Harmony is relevant and meaningful

If there are no bad tunings, then isn’t the concept of harmony made meaningless?

No, it is the reverse! To the contrary, new harmonic resources become available. That is more of the point and purpose of this field, at least for some of us.

Consider traditional Jazz: in addition to the standard set of intervals, we introduce harmonic scales and septimal (7-based) intervals like the perfectly consonant subminor third, a frequency ratio of 7/6, also known as the flat or blues third. And in comes the harmonic seventh at 7/4, also a highly harmonic interval, far more harmonic than any of the traditional sevenths.

That’s just one advantage — more consonant intervals. You can also have more neutral or gray intervals, and more dissonant intervals, all depending on the scale. Some people become interested in the most consonant intervals only. But remember that music is not about stasis, it is about contrast. Stasis can be integrated but should not be the only element: change is also needed.

intrinsic value of intimate understanding of pitch

Why should anyone care about this?

Music has always been comprised of two basic elements, pitch and rhythm. We don’t know if either came first. The human vocal chords are built for music. Our ears and brain naturally recognize patterns in rhythms in the environment, and we have created rhythms when we chipped away to make obsidian knives, flint arrowheads, and crush acorns. Both pitch and rhythm came together as we ascended to mesas in the desert, stepping on flat resonant sandstone that created melodies of different pitches in a regular rhythm. Creating a lithophone by gathering and arranging the rocks we happened to step upon was the obvious next step taken.

But no distinction is even necessary. Pitch and rhythm are made of the same substance: they are frequencies, repeating patterns of pulses, each within different ranges. We even find that when we increase the pitch high enough, we have color. Vibrations are the building blocks of physical reality. Light, matter and sound are all vibrations. Music is as real, as physical and objective as anything else we know of, or if you prefer, things that we see and touch are every bit as unreal, ephemeral and subjective as the music we hear.

Thus pitch is the basis of music. In history, there have been times and places where much thought was given to the role and use of pitch within music. Different scales and intonation techniques were explored and embraced. The standardization of 12 tone equal temperament (tET) in the 20th century was promoted to put an end to these explorations in the west. With no choices of pitches available anymore, time and effort could be freed up for other tasks. 12 equal is essentially a product of industrialization and the fetishization of value of mechanical efficiency over emotional expression. There is no doubt that 12tET is a great, versatile tuning. But it is not the definition of music itself. Since the advent of the inexpensive keyboard, preset to a mathematically perfect 12tET, world musics and traditions, already in a precarious position, have been destroyed at an accelerated rate. Ironically, western musicians interested in ethnic traditions have been part of the problem since they will seek to play together with world musicians. Unable to tune their modern keyboards and other machines, the compromise often has to come from the world musician, whose acoustic instrument is more flexible in pitch, and thus is the one that has to change to conform to western values. Since the nuances of pitch are the heart of these traditions, the heart of the traditions themselves is wrenched out in ritual sacrifice to technology, which itself is a servant of a contrived consumerist marketplace following the latest fads, whether it is teen pop heartthrobs, or fashionable tribals leashed in submission to 12 tuning as a precondition to acceptance by major labels.
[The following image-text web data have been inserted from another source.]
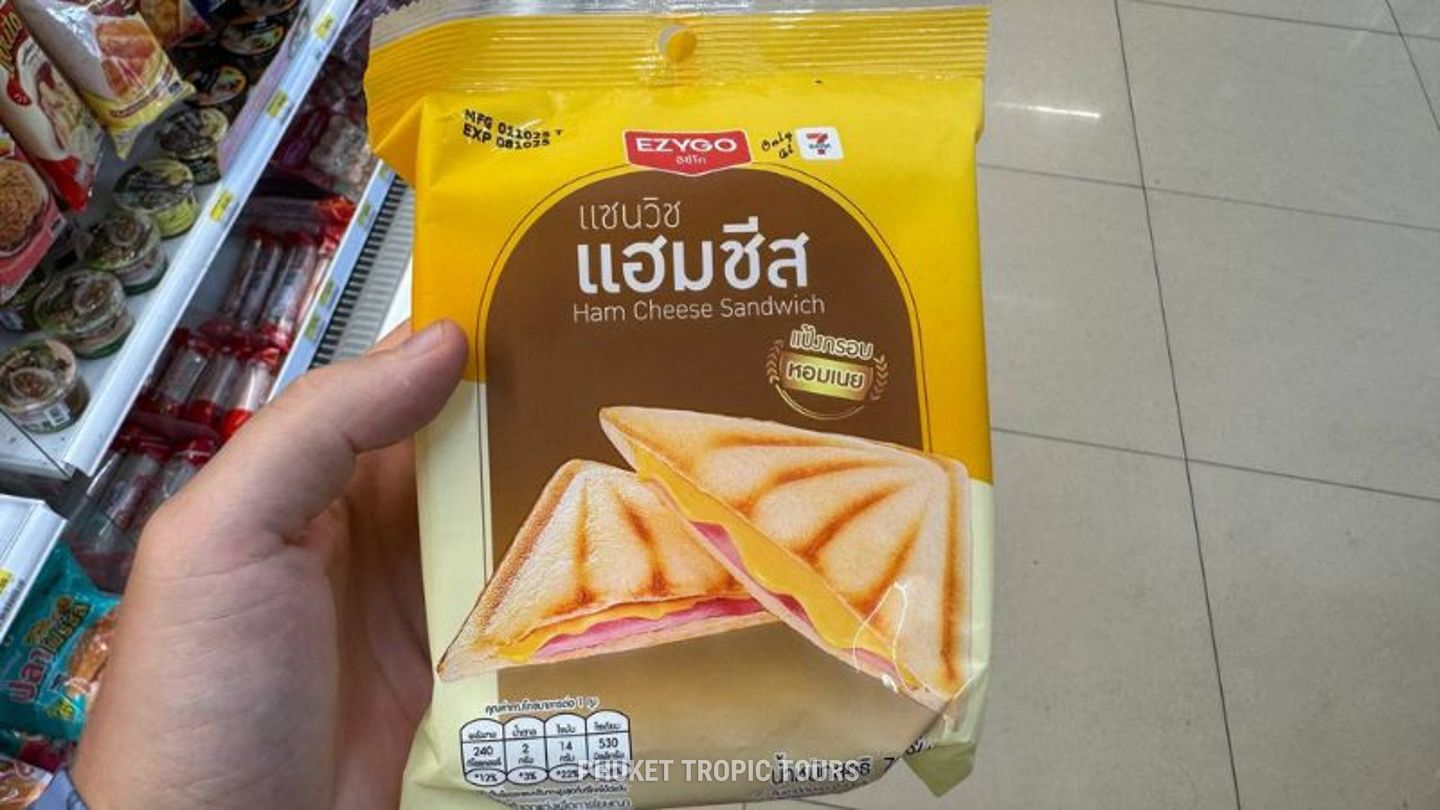 What to try at 7-Eleven - photo 1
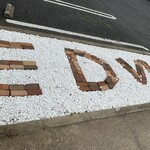 エスプレッソ ディー ワークス 鹿嶋店 - 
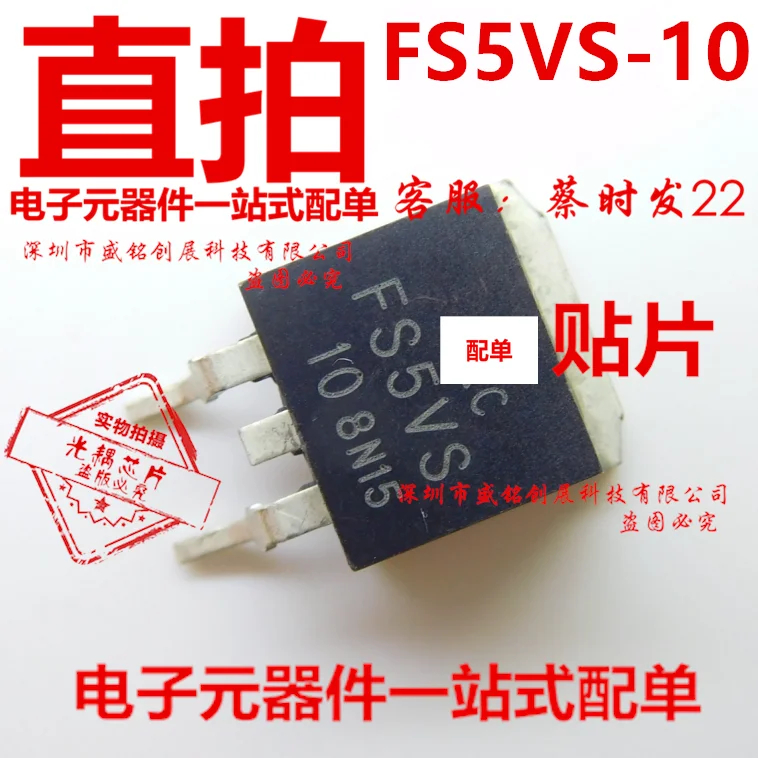 5/за штуку Бесплатная доставка Новый FS5VS 10 SMD To263 Триод F5SV5 IO|Интегральные схемы| |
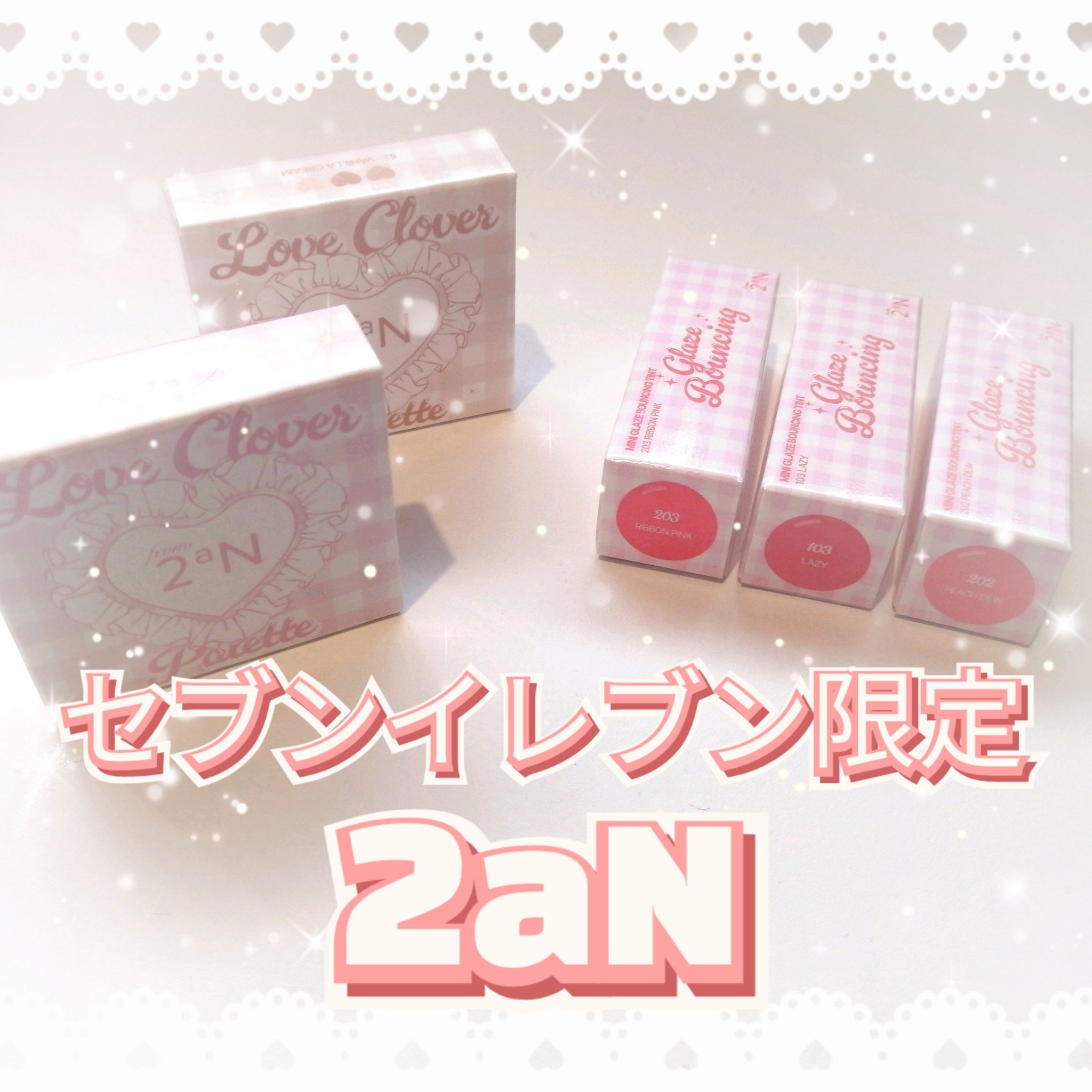 ミニグレイズバウンシングティント/2aN/リップティントを使ったクチコミ（3枚目）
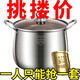 【限時爆款】不銹鋼湯鍋加高加厚家用煲湯鍋煮粥燉雞鍋電磁爐通用 加厚加深送蓋 26cm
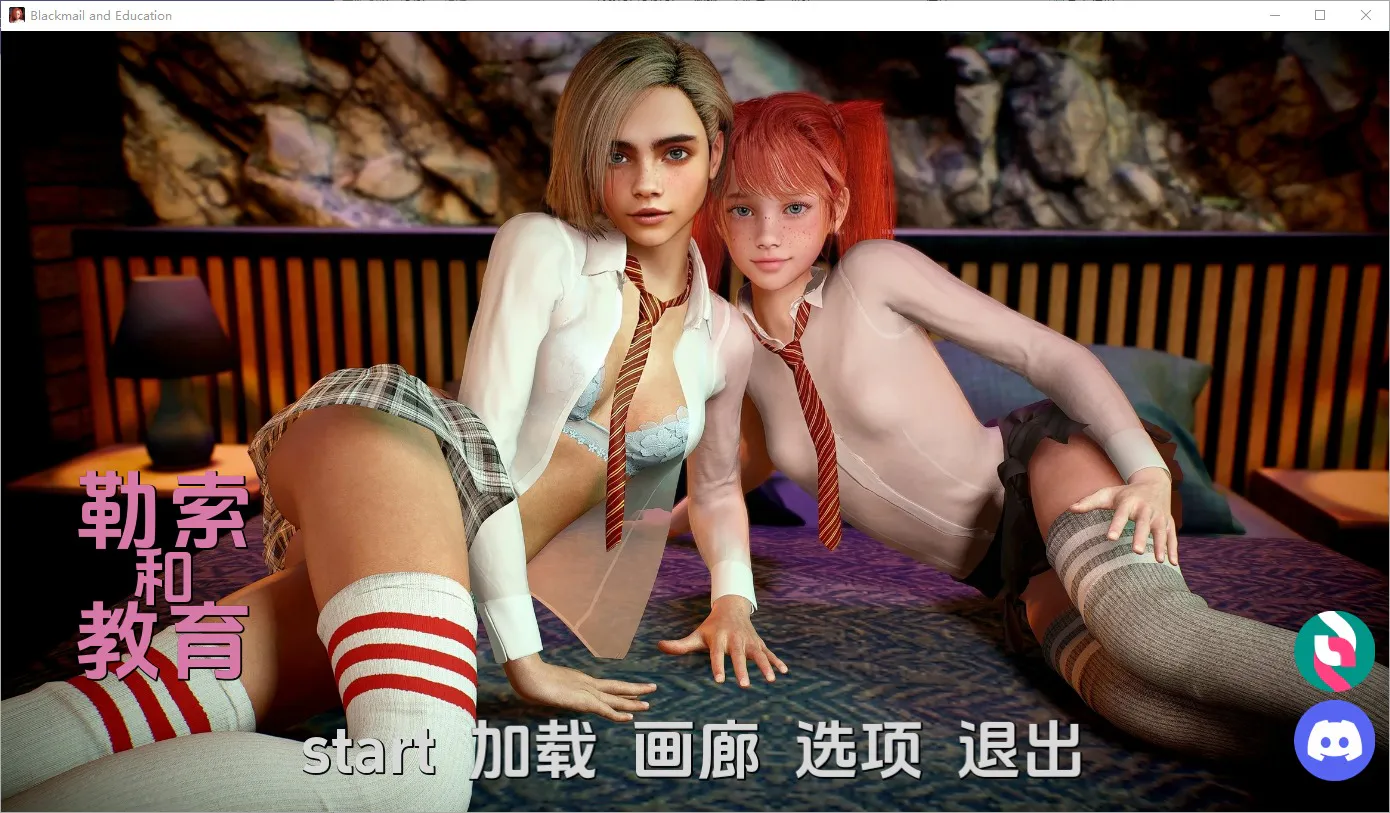 A10668[SLG/汉化]勒索与教育BlackmailandEducationV1.0SEPC+安卓完结汉化版[5.1G]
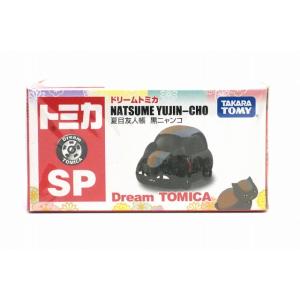 ドリームトミカ 絶版☆No.158 ドラえもん 50th Anniversary ラッピング
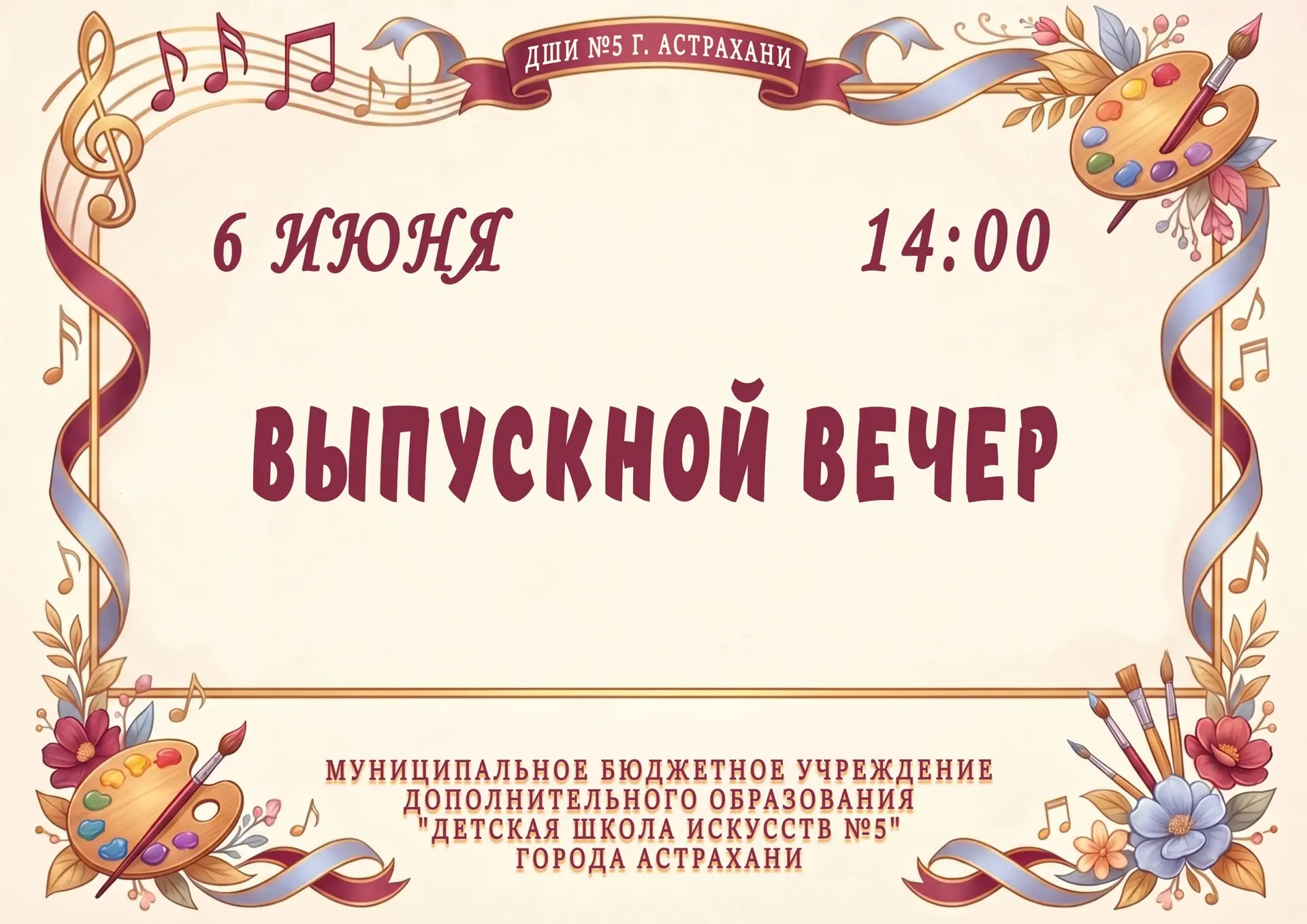 Выпускной вечер!
6 июня в 14:00 состоится торжественное вручение свидетельств об окончании школы иск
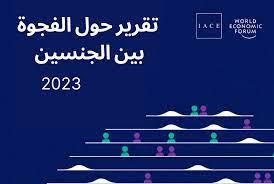 تونس تتراجع في “مؤشر الفجوة العالمية بين الجنسين 2023”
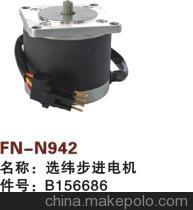 【紡機配件,PICANOL GTM,GAMMA,選緯步進電機,B156686】價格,廠家,圖片,紡織機械配件,紹興縣中國輕紡城萬事達紡配門市部-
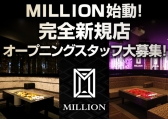MILLIONi~Ij̃C[W摜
But, like cameras, like guns, like the internet — the same technology and the same electronic instruments that were used, often unintentionally, as a tool of oppression and domination can also work to reverse this trend, to return freedom to music, and to the expression of humanity it transmits. The frontier of music is pitch, the future is a return to the past in a new way, with new freedoms and possibilities. There is a fire burning in the hearts of musicians and of audiences for more and the emancipation of pitch is the key.

microtonal education

What universities have the best programs in microtonality?

There are several universities that have a serious microtonalist or xenharmonicist on their staff who is respected, well known and active. If your primary interest is the work done by a certain specific composer or researcher then you probably have already started by looking there and don’t need much advice.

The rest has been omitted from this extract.